Spearheaded by renowned Brazilian architect Ivan Rezende, the project was completed in time to celebrate the centennial of the Copacabana Palace, now operated by Belmond
For nearly three decades, the Copacabana Palace Theatre did not live up to its name—neither as a palace, nor as a theatre. Opened in 1949, it was once the epicentre of culture in Rio de Janeiro and the theatre of choice for some of Brazil’s most important productions in the 1950s. Since the curtains closed after its last production in 1994, the theatre has been a shadow of its former self.
But not anymore. Following a two-year restoration carried out by a team of 600 craftspeople spanning 18 different disciplines, the theatre has raised those curtains again, and it’s looking very much like the grand dame of its glory days. Spearheaded by renowned Brazilian architect Ivan Rezende, the project was completed in time to celebrate the centennial of the Copacabana Palace, now operated by Belmond.
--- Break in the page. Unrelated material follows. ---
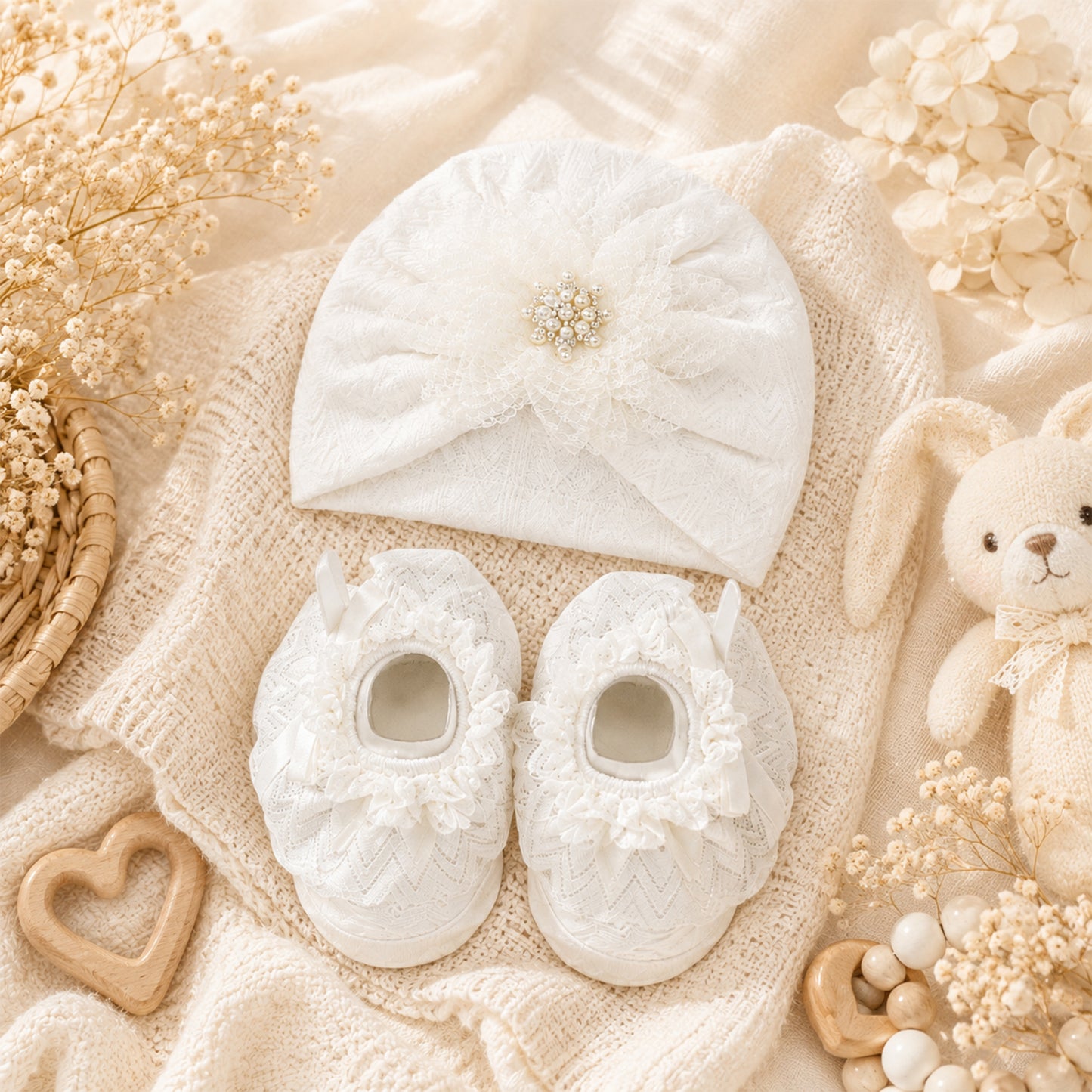 ELEGANT WHITE INFANT BOOTIES & CAP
For what’s now known as the Copacabana Palace, A Belmond Hotel, efforts were made to infuse the hotel’s identity into the interior design, while simultaneously respecting the theatre’s status as a listed heritage building. Brazilian stone and Brazilian pau ferro wood were used to give the space a sense of place. Sconces in white and green quartz designed by Rezende and lighting specialist Monica Lobo match the velvet theatre seats, which were coloured a very specific shade of emerald with a custom-made dye. The green colour, decorative floral and rope elements, as well as the handcrafted carvings in wood, all hark back to the venue’s original features.
Although its aesthetics were inspired by the past, the theatre’s functionality has definitely been brought into the 21st century. Now with a capacity of 332, audience seating has been enhanced by the addition of four boxes on the lower level and six at balcony level. Mobility and accessibility have also been carefully considered; an elevator provides accessibility for wheelchair users up to the stage, while reserved seats have been built for people with disabilities and reduced mobility. The proscenium, now extended to 8.03 metres wide by 6.50 metres high, offers a better viewing experience. A state-of-the-art audiovisual system guarantees perfect acoustics and lighting.
Now given a second lease of life, the Copacabana Palace Theatre is losing no time jumping straight back into the cultural scene of Rio. 2023 will see an exciting lineup of performances held as a part of the centennial celebrations for the palace. This includes art installations under the Mitico project, an artist series held in partnership with international contemporary art gallery, Galleria Continua.